这里涉及操作符and, 该节点需要满足两个属性值才可以。<br>
运算符及其介绍如下。
![image](https://github.com/DRNTT/SpiderImage/blob/master/ch4/operator.PNG?raw=true)

## 1.8 按序选择

In [None]:
from lxml import etree

text = '''
<div>
<ul>
<li class="item-0" name="laowang"><a href="link1.html">first item</a></li>
<li class="item-1"><a href="link2.html">second item</a></li>
<li class="item-inactive"><a href="link3.html">third item</a></li>
<li class="item-1"><a href="link4.html">fourth item</a></li>
<li class="item-0"><a href="link5.html">fifth item</a>
</ul>
</div>
'''

html = etree.HTML(text)
result1 = html.xpath('//li[1]/a/text()')
print(result1)
result2 = html.xpath('//li[last()]/a/text()')
print(result2)
result3 = html.xpath('//li[position()<3]/a/text()')
print(result3)
result4 = html.xpath('//li[last()-2]/a/text()')
print(result4)

注意这里的下标从1开始，并不是从0。

## 1.9 节点轴选取

In [None]:
from lxml import etree

text = '''
<div>
<ul class='ul'>
<li class="item-0" name="laowang"><a href="link1.html"><span>first item</span></a></li>
<li class="item-1"><a href="link2.html">second item</a></li>
<li class="item-inactive"><a href="link3.html">third item</a></li>
<li class="item-1"><a href="link4.html">fourth item</a></li>
<li class="item-0"><a href="link5.html">fifth item</a>
</ul>
</div>
'''

html = etree.HTML(text)
result1 = html.xpath('//li[1]/ancestor::*')
print(result1)
result2 = html.xpath('//li[1]/ancestor::div')
print(result2)
result3 = html.xpath('//li[1]/attribute::*')
print(result3)
result4 = html.xpath('//li[1]/child::a[@href="link1.html"]')
print(result4)
result5 = html.xpath('//li[1]/descendant::span')
print(result5)
result6 = html.xpath('//li[1]//following::*[2]')
print(result6)
result7 = html.xpath('//li[1]//following-sibling::*')
print(result7)

第一次选择使用**ancesotor**轴，获取所有的祖先节点。
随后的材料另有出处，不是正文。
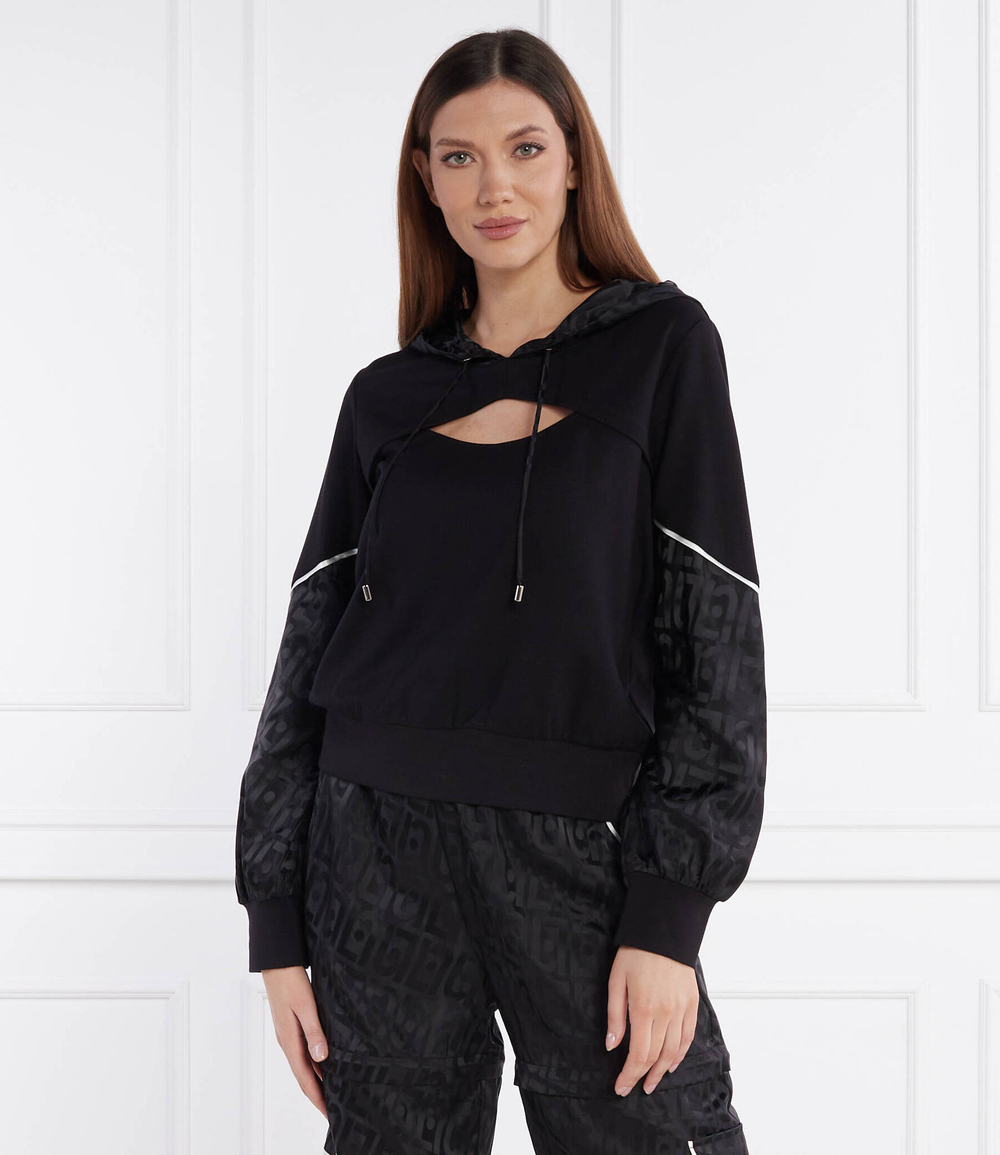 Худи Liu Jo Sport - черный(TA4069 JS182)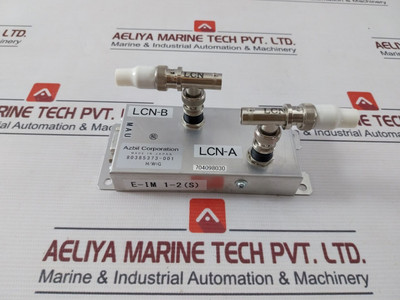 Azbil 80385373-001 Media Adapter Unit 704098030 E-im 1-2 (S) Azbil 80385373-001 Media Adapter Unit 704098030 E-im 1-2 (S)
需要使用两个冒号，节点选择器采用\*，表示匹配所有节点。<br>
第二次选择为匹配祖先节点的div节点。<br>
第三次选择为**attribute**轴，可以获取属性值，\*表示获取所有属性值。<br>
第四次选择为**child**轴，可以获取所有直接子节点。<br>
第五次选择为**descendant**轴，可以获取所有子孙节点,span为限制条件，获取span节点。<br>
第六次选择为**following**轴，获取当前节点之后的所有节点。数字2为第二个后续节点。<br>
第七次使用**following-sibling**轴，获取当前节点之后的所有同级节点。